Kemudian, jadi narasumber dan juga key note itu terdiri dari berbagai macam negara. Kita mengundang ada sekitar tujuh speaker disini, ada dari Malaysia, Thailand, Tokyo serta Vietnam yang akan nanti memberikan pemaparan materi itu secara hybrid, ada secara visual dan juga ada nanti yang luring di STIHPADA Palembang.
“Jadi tentunya tujuan kita menyelenggarakan Internasional Conference ini yaitu dalam rangka ikut dalam pengembangan dan juga terkait dengan regulasi ataupun hukum di mana pada saat ini Indonesia belum memiliki sebuah regulasi tentang Artificial Intelligence,” ungkapnya.
Dilanjutkannya, kita mendorong pemerintah agar kiranya dapat segera membentuk peraturan ataupun regulasi terkait dengan Artificial Intelligence. Maksudnya Indonesia sebagai negara hukum setiap tindakan ataupun action itu harus berbasis kepada hukum.
“Itulah kita ketahui bahwa maraknya sekarang ini banyak program-program Artificial Intelligence yang apabila tidak di tata dengan baik, akan disalah gunakan, akan ada yang lain-lain, itulah kita jadinya akan membahayakan masa depan Indonesia,” katanya.
Masih dilanjutkannya, untuk itulah Indonesia membutuhkan cepat sebuah regulasi yang menata tentang penggunaan Artificial Intelligence di Indonesia. Harapan kami tentunya Conference ini Internasional Conference menjadi suatu kolaborasi pemikiran dari para pakar.
“Di mana mahasiswa dan mahasiswi STIHPADA Palembang turut serta dalam memahami dan juga kedepan untuk menata masa depan khususnya bagaimana penataan dari sistem visual Artificial Intelligence di Indonesia,” ucapnya.
Masih disampaikannya, jadi harapan kita STIHPADA Palembang bisa berkontribusi nyata dalam pengembangan ilmu hukum khususnya dibidang Artificial Intelligence. Tentunya dalam penggunaan suatu teknologi ada dampak positif dan negatif. Kita harapkan agar kita dapat mengoptimalkan dampak positifnya dalam penggunaan Artificial Intelligence.

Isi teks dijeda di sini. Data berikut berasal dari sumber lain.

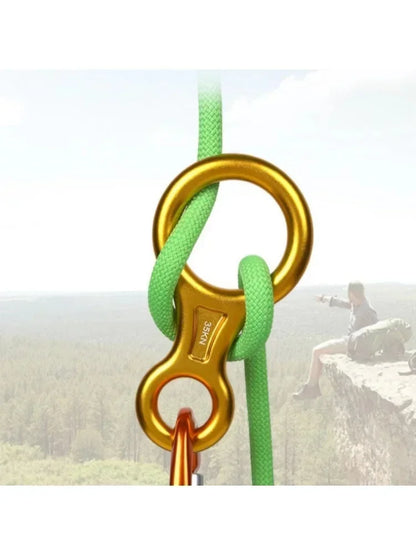 1Pcs Rock Climbing Carabine 8 Shape Rigging Descender Aluminum Figure Belay Device Abseiling 35kN Eight Ring Downhill Equipment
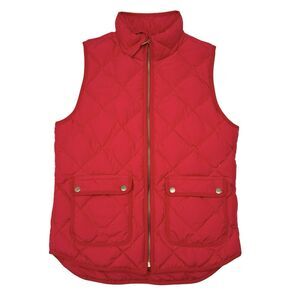 J Crew Quilted Vest Women’s Size XS Red Full Zip Sleeveless Cargo Pockets Casual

“Untuk itulah hukum perlu mengatur bagaimana atau bisa juga untuk bisa di implementasikan agar tidak salah digunakan. Jadi tentunya sekarang ini beredar banyak sekali program dan juga software.
“Untuk itulah kita harus check and ricek setiap informasi agar jangan sampai kita terjebak kepada hoax, penyebaran informasi palsu, untuk itulah perlunya pengecekan setiap berita yang kita terima,” imbuhnya.

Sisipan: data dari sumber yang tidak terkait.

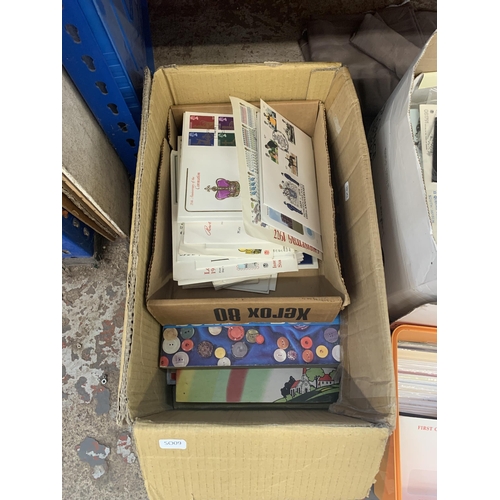 529 - Two boxes containing a collection of stamps and first day covers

Ditambahkannya, jadi di STIHPADA di kurikulum 2026 ini kita sudah ada beberapa penambahan kurikulum mata kuliah seperti hukum perlindungan data pribadi, cyber whose, dan juga ilmu hukum informasi dan teknologi semua kita ajarkan kepada mahasiswa dan mahasiswi.
“Sehingga bisa menambah pengetahuan masa depan terkait dengan hukum perluasan informasi transaksi elektronik. Itulah perlunya diatur sebuah regulasi hukum, agar kiranya penggunaan ini tidak terjadi,” bebernya.